Redactora | Gestora de portada

La Bella, la Bestia y el espejo

Una imagen de 'La Bella y la Bestia'.

Uno de los VHS que más quemé en la infancia fue el de la película La Bella y la Bestia. Reconozco que aún hoy, si escucho alguna de las canciones (o hasta incluso la música introductoria de su prólogo, tan bellamente narrado) siento emoción. Todos los cuentos de hadas tienen la condición de ser estéticamente bellos y moralmente agradables (como se nos exige a las mujeres).

Pensando en si mi yo de diez años era capaz de discernir entre la metáfora de amar el interior o el mensaje de sublimar el amor por alguien (a pesar de que esta persona sea una bestia contigo) no tuve dudas: Los niños no deberían ver ya ciertas películas. O, quizá, estas películas deberían ser repensadas, retomadas y vueltas a narrar desde un punto de vista feminista.

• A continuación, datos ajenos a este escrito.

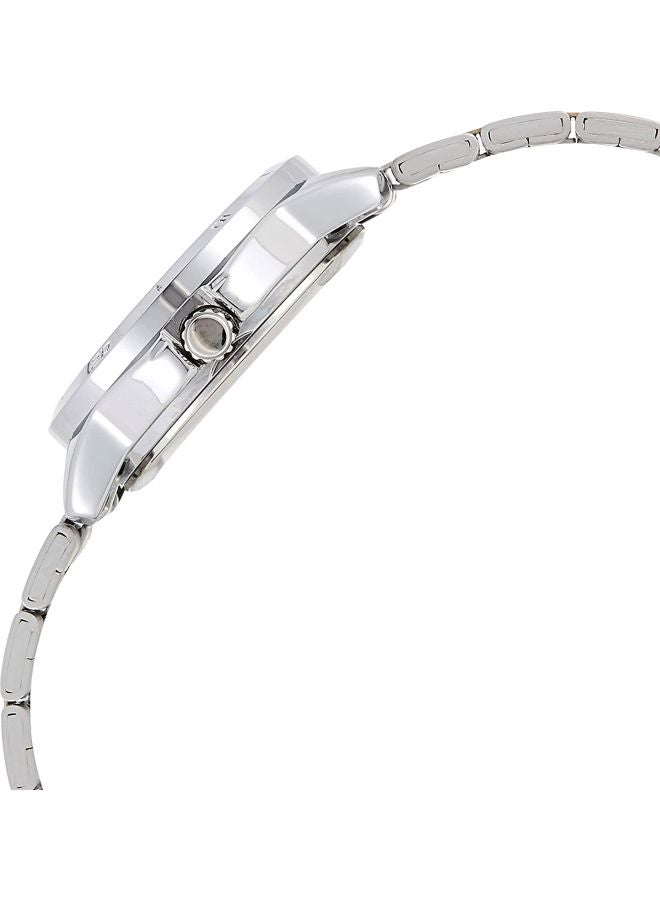 CASIO Women's Stainless Steel Analog Wrist Watch LTP-V004SG-9A - 30 mm - Silver/Gold - Image 3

Si pienso en mi sobrina, que tiene 20 meses y ya se preocupa por ser buena y cuidar a los demás, me horrorizo pensando en qué ocurriría si ella se acostumbrara a ver los cuentos de hadas tal y como tantas nos acostumbramos: idealizando la realidad a favor de esos ejemplos Disney que evidentemente seguíamos, porque ante todo debíamos ser buenas. Esta idealización es prácticamente automática, pues todas las niñas, todas, quieren ser buenas.

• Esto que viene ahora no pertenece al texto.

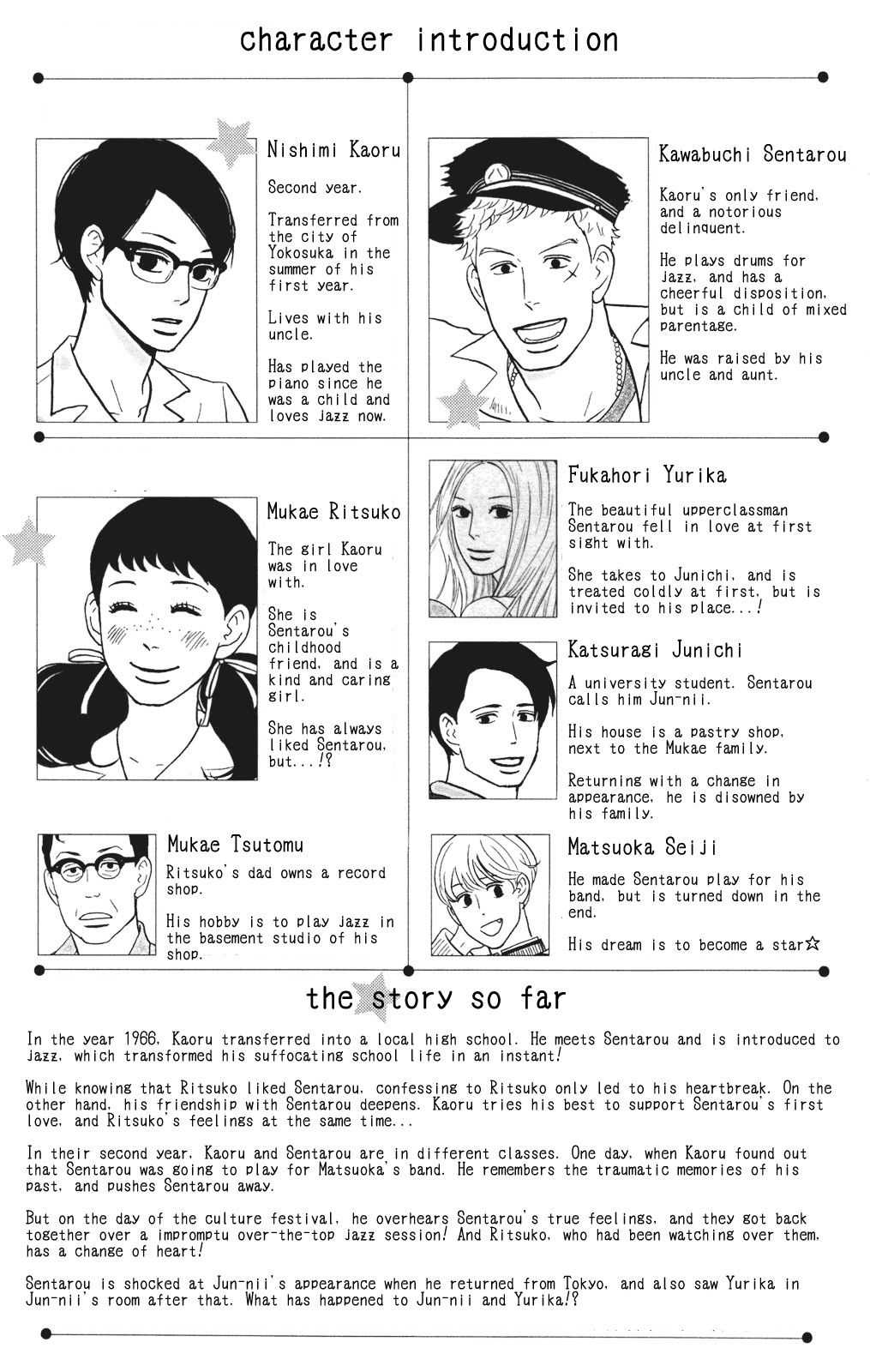 Sakamichi no Apollon Chapter 26 page 6 - Chapter 26: SCENE 26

Es por eso que también nos enseñan a sentirnos culpables, a dudar de nosotras mismas y a pensar que hay una explicación más allá de que alguien no nos merece, de que nadie tiene derecho a anularnos. En La Bella y la Bestia, la culpa se refleja (paradójicamente), en un espejo. Es el espejo a través del cual Bella observa cómo la Bestia llora su ausencia después de haberla encerrado.

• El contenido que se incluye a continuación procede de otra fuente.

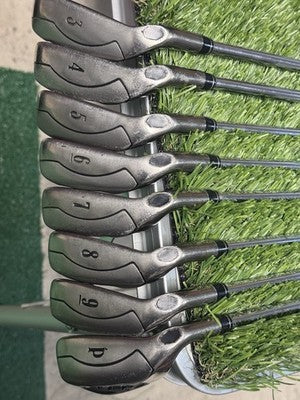 Callaway Fusion Wide Sole Iron Set 3-PW N.S.Pro 990 GH Uniflex Steel Mens RH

Un espejo que, además, es un secreto compartido, algo profundamente íntimo y valioso para la Bestia. Es un objeto para atarla, no para descubrir su belleza (puesto que Bella ya estaba enamorada cuando se hace el regalo). Este espejo será la luz de gas para aquellas mujeres que en algún momento se sientan engañadas, traicionadas o maltratadas. La luz de gas (gaslight) es un tipo de violencia psicológica mediante la cual el maltratador deforma la realidad cuando la víctima parece percatarse de cosas que “no encajan”, se siente anulada, engañada o directamente denuncia (“las cosas no son como tú las ves”; “estás loca”; “eres una dramática”, etc.)

Este espejo, objeto tan inocente de una película de dibujos animados, representa un eslabón más en la tradición literaria y cultural patriarcal: se sirve de la buena voluntad de las mujeres para convencerlas de que deben creer antes a un reflejo (lo que el maltratador dice ser) que a sus propios ojos. Es por esa buena voluntad por hacer las cosas bien o creer en los demás, por lo que ninguna mujer debe sentir jamás vergüenza por haber sido encerrada en un castillo, haber dado segundas oportunidades o haber tardado en denunciar el encierro. La vergüenza siempre debe ser para aquel que obliga a una mujer a renunciar a su mirada, no al revés.